Tra lo scadere del X secolo (998) e i primi decenni del seguente, S. Ippolito perde
la dignità di pieve in favore della chiesa di S. Agata (Fig. 3), localizzata all’interno
dell’attuale abitato di Asciano che fu un importante centro incastellato nel medioevo
nonché fulcro politico ed economico dell’area circostante. È quindi con il venire meno
del suo originale status preminente, che l’edificio di S. Ippolito viene plausibilmente
ridimensionato a pianta rettangolare come lo vediamo oggi, attraverso la dismissione
delle navate laterali, forse nell’occasione dello stesso cantiere che previde la realizzazione di una nuova facciata con stilemi propri del romanico maturo (XII-XIII secolo).

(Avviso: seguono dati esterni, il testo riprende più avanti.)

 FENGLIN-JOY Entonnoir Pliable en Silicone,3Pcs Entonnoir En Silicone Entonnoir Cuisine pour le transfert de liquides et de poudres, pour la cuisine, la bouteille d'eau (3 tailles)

Non sappiamo con certezza, però, se già doveva presentarsi così nel 1178, quando
la chiesa venne ricordata insieme ad altre del piviere di S. Agata dalla bolla di Papa
Alessandro III, o se i lavori furono promossi in seguito (XIII secolo) come può sembrare dalle caratteristiche dei paramenti della facciata. Pare invece che l’abside centrale,
non più esistente, fosse stata mantenuta almeno sino allo scadere del XVII secolo,
come osserviamo in un disegno conservato nel fondo dei “Quattro Conservatori”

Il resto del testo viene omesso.